- **Data section**:
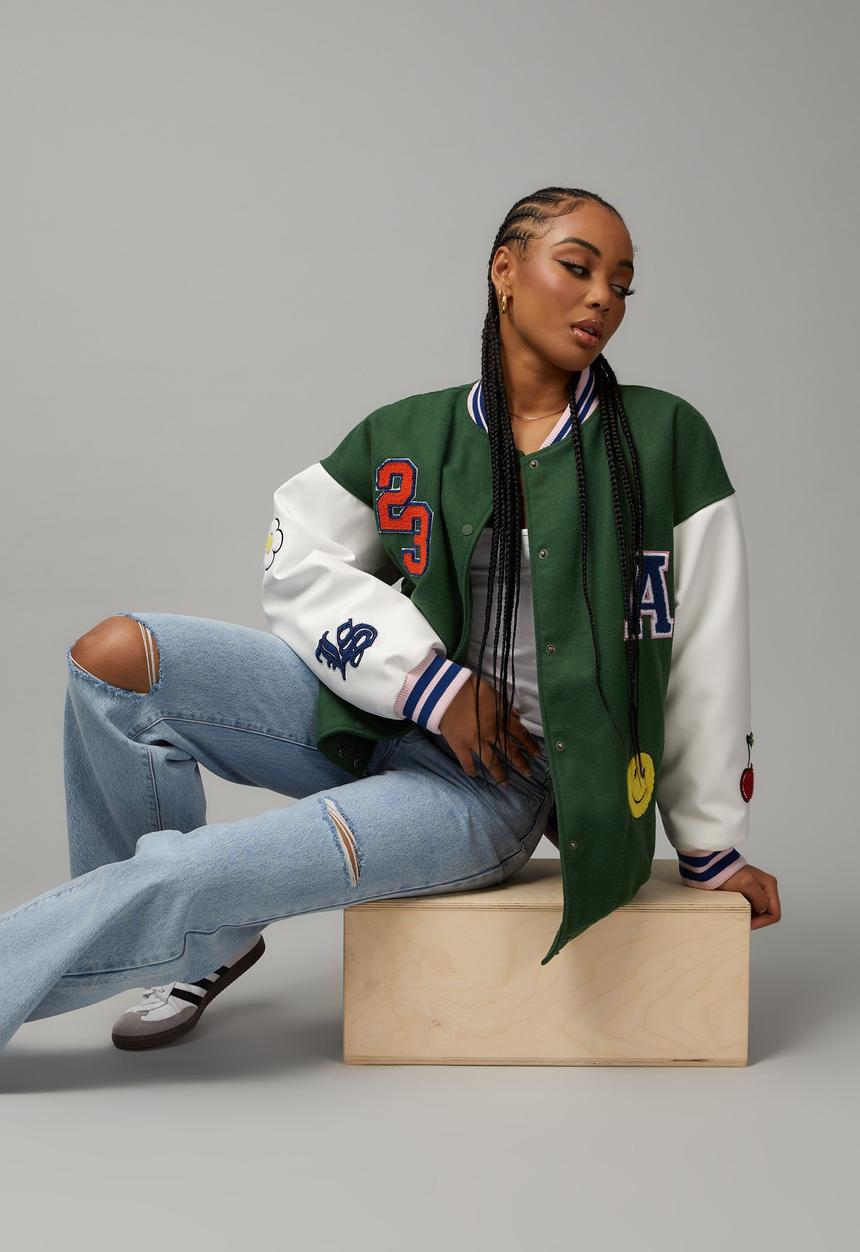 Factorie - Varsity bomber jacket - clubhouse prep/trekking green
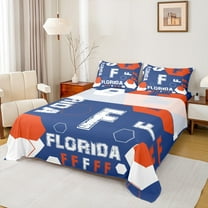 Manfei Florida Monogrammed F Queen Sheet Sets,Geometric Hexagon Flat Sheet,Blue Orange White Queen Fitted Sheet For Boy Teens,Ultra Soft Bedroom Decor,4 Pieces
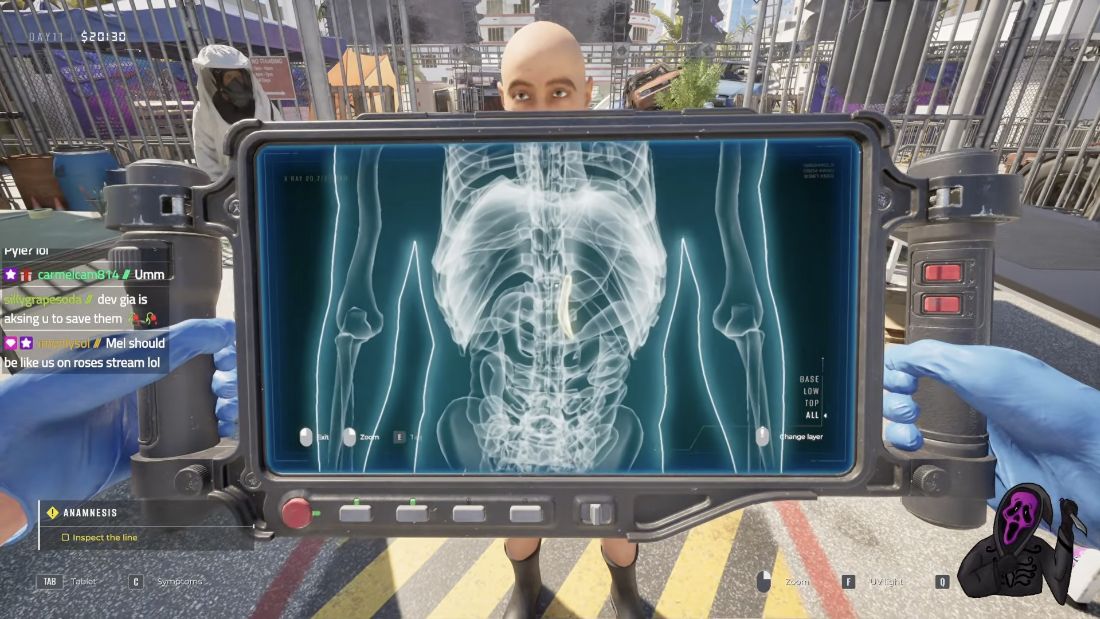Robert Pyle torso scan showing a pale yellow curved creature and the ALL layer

- **Problem to work on**:
Retype the data word for word and keep the pictures out of it.

- **Expected output**:
 Factorie - Varsity bomber jacket - clubhouse prep/trekking green
 Manfei Florida Monogrammed F Queen Sheet Sets,Geometric Hexagon Flat Sheet,Blue Orange White Queen Fitted Sheet For Boy Teens,Ultra Soft Bedroom Decor,4 Pieces
Robert Pyle torso scan showing a pale yellow curved creature and the ALL layer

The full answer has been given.